*** Opening of RECORDS FOR THIS TASK ***
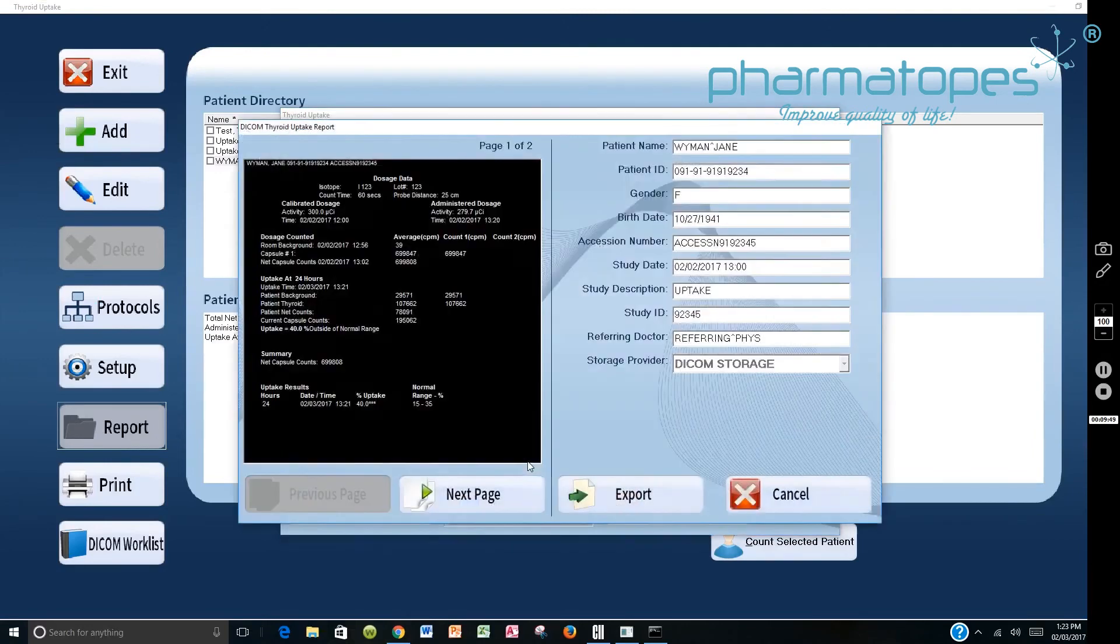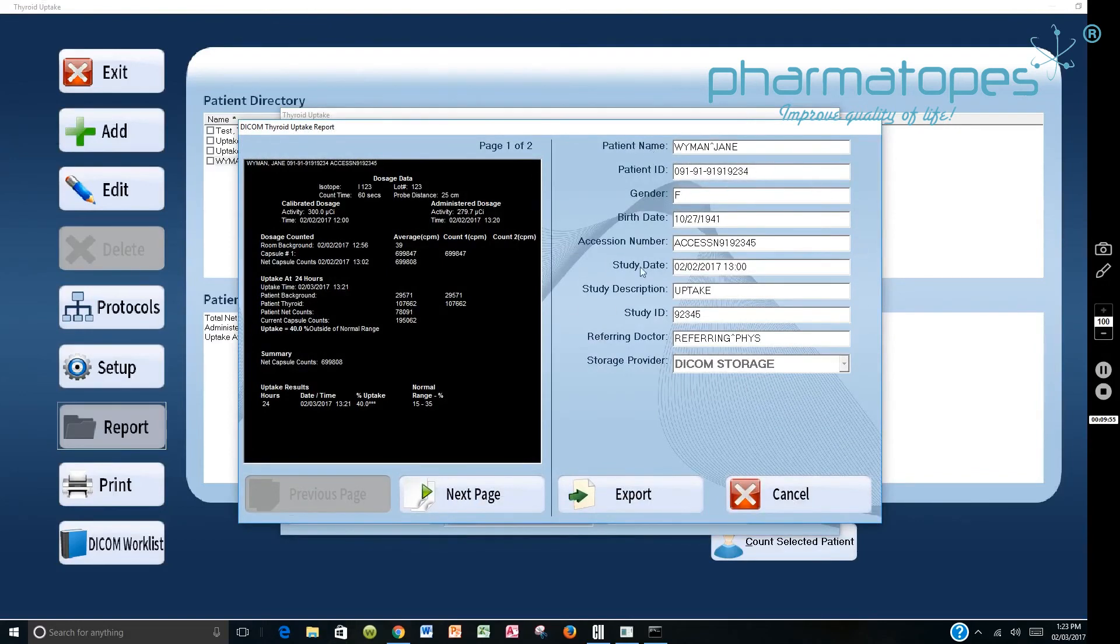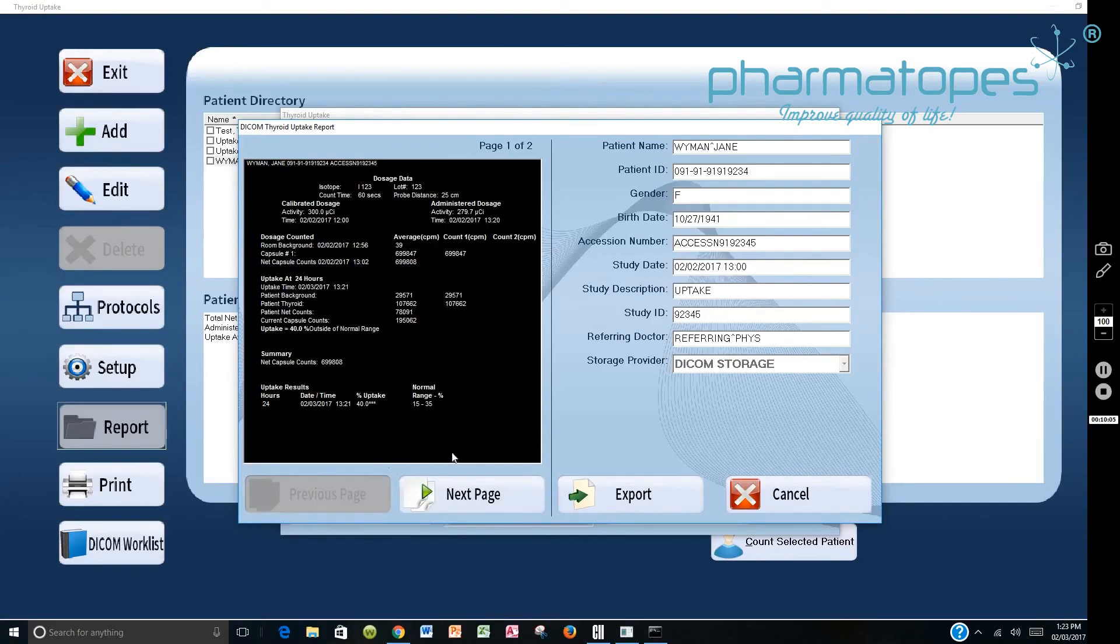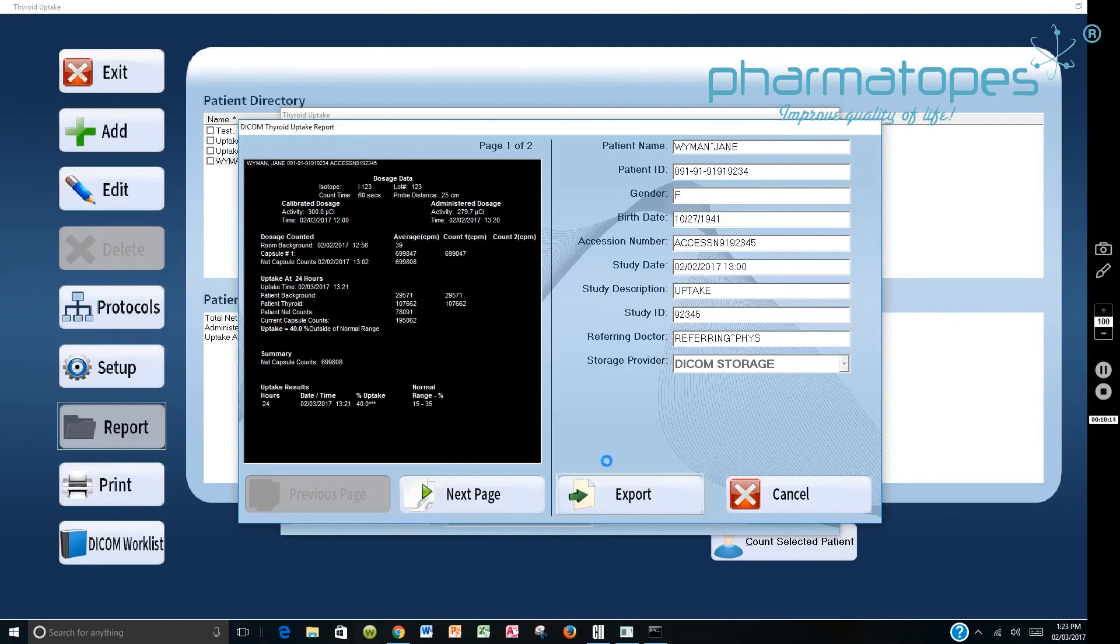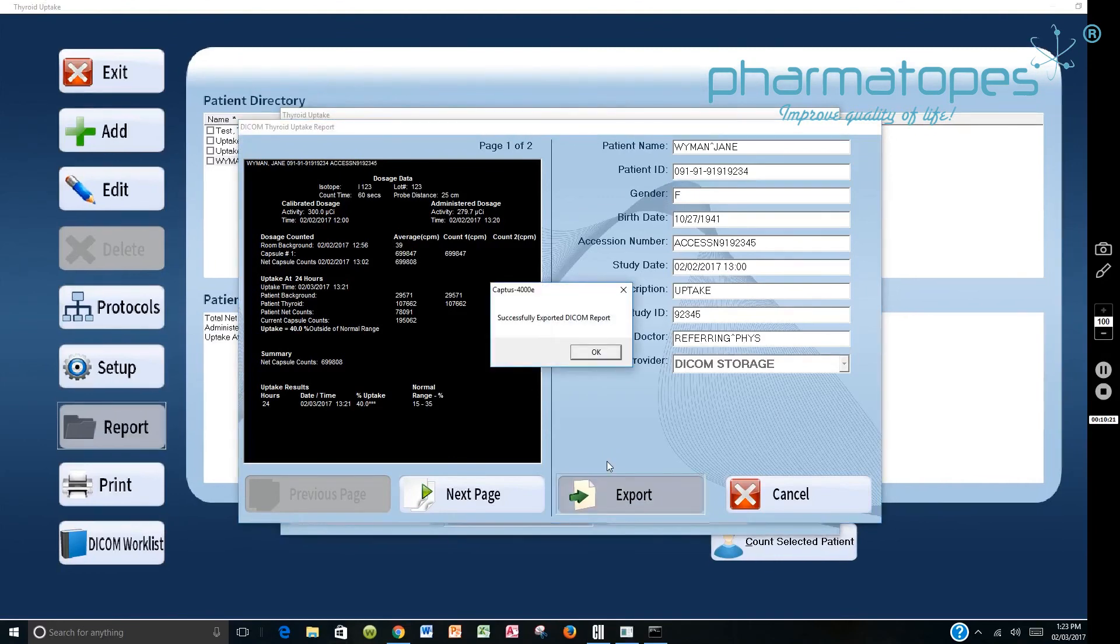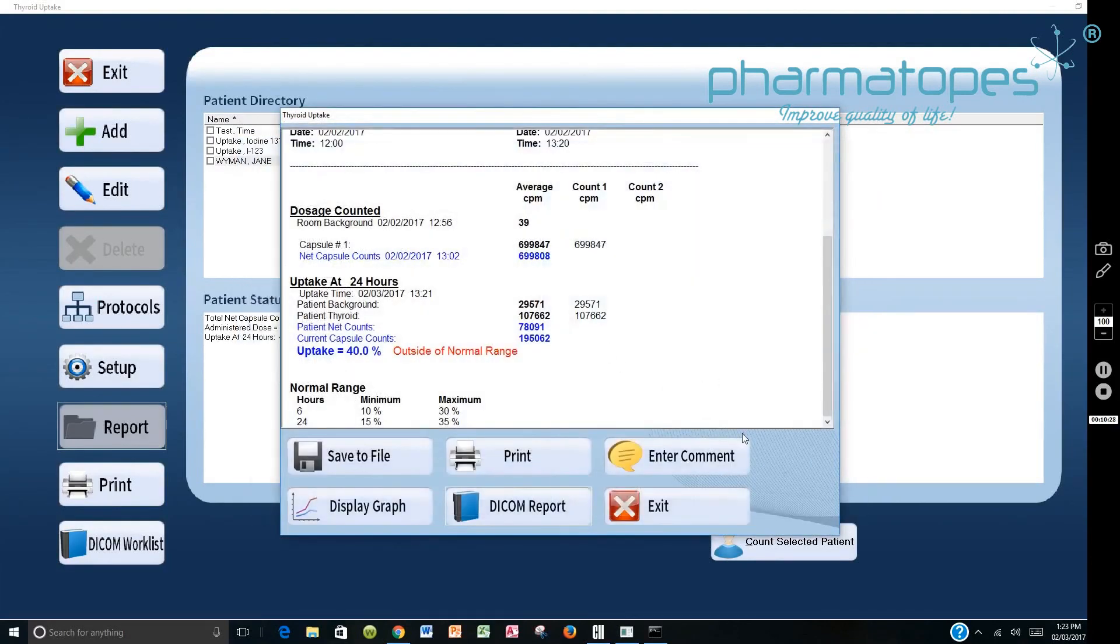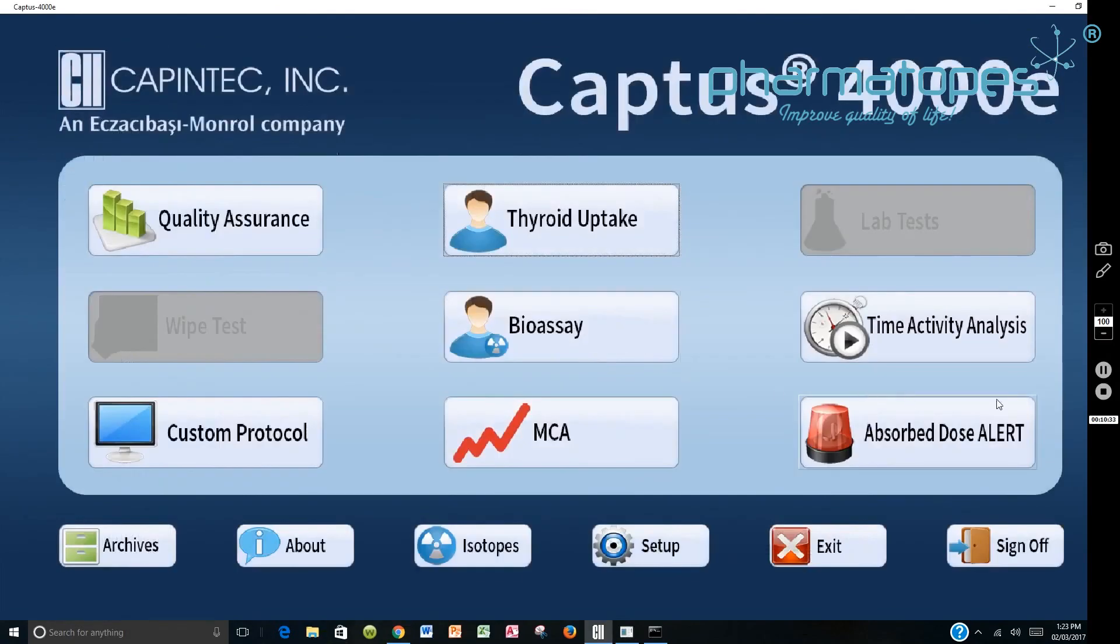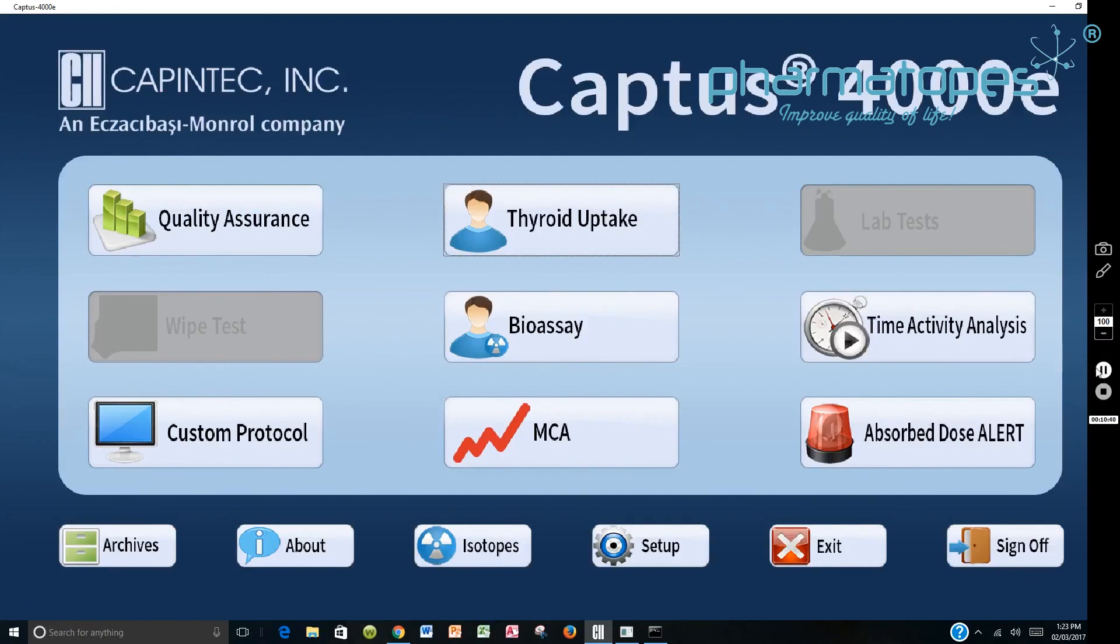So we select DICOM report. It brings up the DICOM report with all of the necessary information. If any information is missing here, it will have to be put in. And we can look at page one and we can look at page two, which shows you a graphic display of the information. So now that you have this information, you can now export it over to the DICOM server. So you would say export. And the report now will go to the DICOM server. And when it finishes that report, it will come back and say it was successfully exported to the DICOM server. So you can just say OK on it. And then you can exit back out. And then you can exit back out to the main screen. And that's the DICOM module and what it allows you to do with regards to thyroid uptake patients.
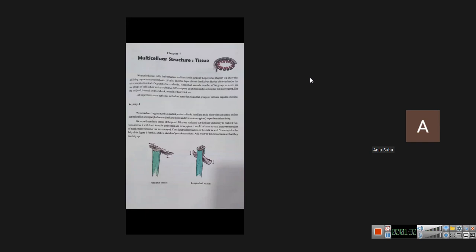Chapter 7: Cellular Structure and Tissue. I have told you in the previous class that many cells are combined together. What is the meaning of multicellular? The meaning of multicellular is that many cells are combined together. What do we make? Tissue. Remember that. So in this chapter we will learn the structure and function in detail.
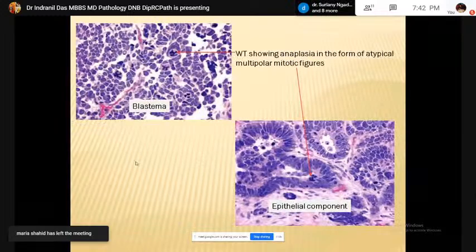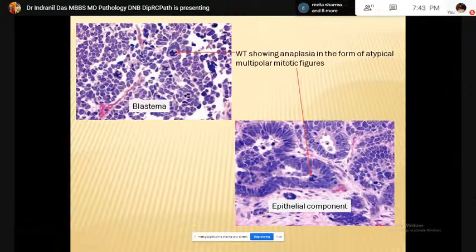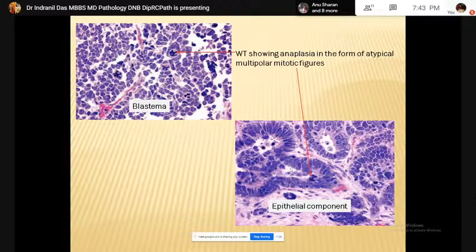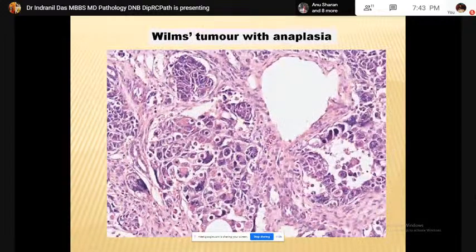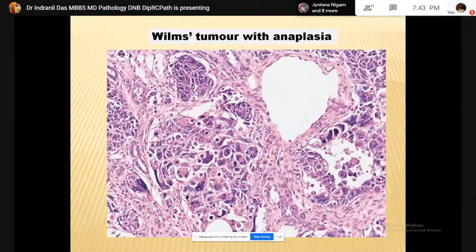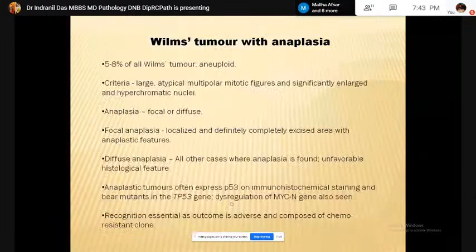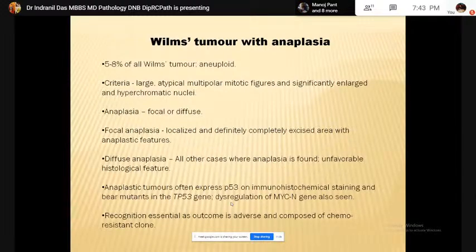The mesenchymal element may show heterologous differentiation, such as towards skeletal muscle. Rhabdoid-like cells are basically features of skeletal muscle differentiation. The stroma may be nephrogenic, myxoid, fibrous, smooth muscle, or adipose — that is homologous — or it may be heterologous in the form of skeletal muscle, which is most common, or cartilaginous or bony differentiation. Some Wilms tumors show features of anaplasia. Anaplasia is characterized by atypical multipolar mitotic figures along with nuclear enlargement and hyperchromatia.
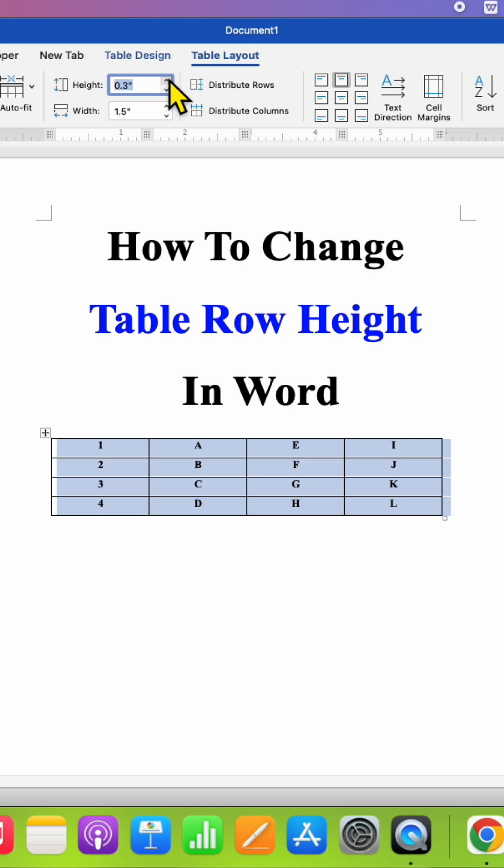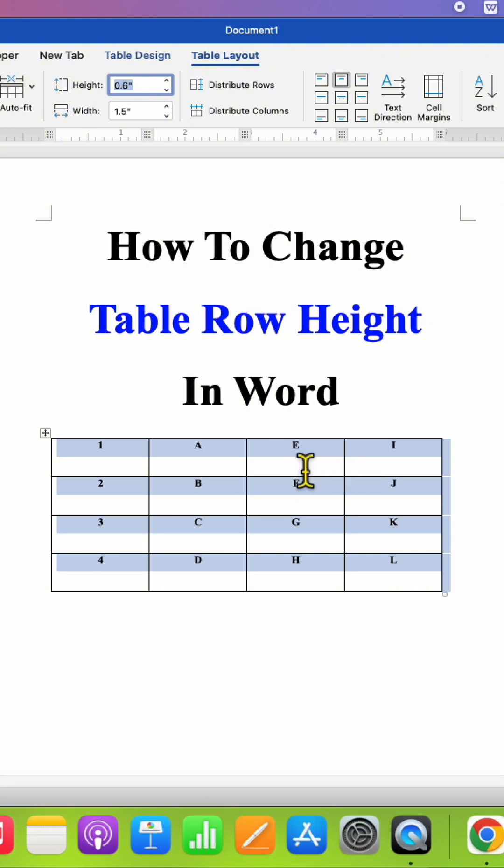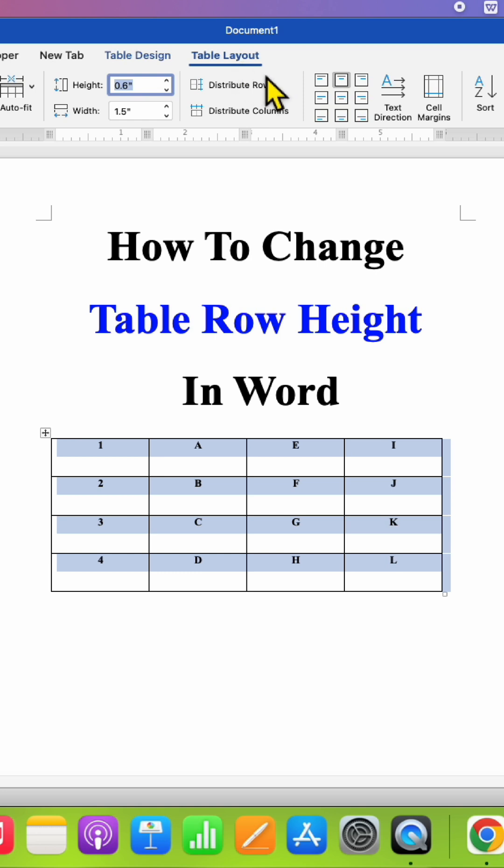However, notice that the text written inside the table will not be aligned at the middle. So to bring this text inside the middle of the cells, under the Table Layout tab you will need to click this option Align to Center.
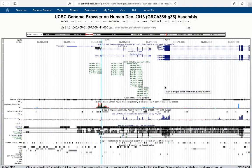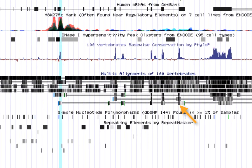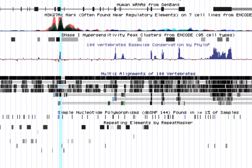Now you can see that even in highly unrelated species like zebrafish, the exons of the SOD1 gene are conserved. And of course in a species like rhesus monkey, which is much more closely related to us, both the exons and introns are conserved.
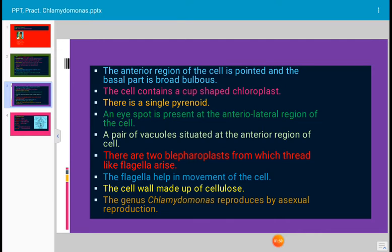A pair of vacuoles is situated at the anterior region of the cell. There are two blepharoblasts from which thread-like flagella arise. Blepharoblasts are small nodule-like proteinaceous structures from which hair-like flagella grow. The flagella help in movement of the cell. The cell wall is made up of cellulose. The genus Chlamydomonas reproduces by asexual reproduction.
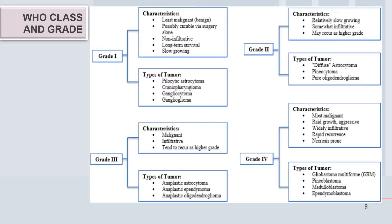Grade four lesions are the most malignant, with rapid growth, high recurrence, and necrosis. Types include glioblastoma multiforme, medulloblastoma, and ependymoblastoma. In summary, grade one has the least malignant tumors and grade four has the most malignant.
*** Close of RECORDS FOR THIS TASK ***
**WORK REQUEST**
Output exactly the stretch of the listing that begins at the line containing "However, notice that" and ends at the line containing "Now you can", both kept. Omit pictures and everything else.

**REPLY TO THE TASK**
However, notice that the text written inside the table will not be aligned at the middle. So to bring this text inside the middle of the cells, under the Table Layout tab you will need to click this option Align to Center.
Now you can see that even in highly unrelated species like zebrafish, the exons of the SOD1 gene are conserved. And of course in a species like rhesus monkey, which is much more closely related to us, both the exons and introns are conserved.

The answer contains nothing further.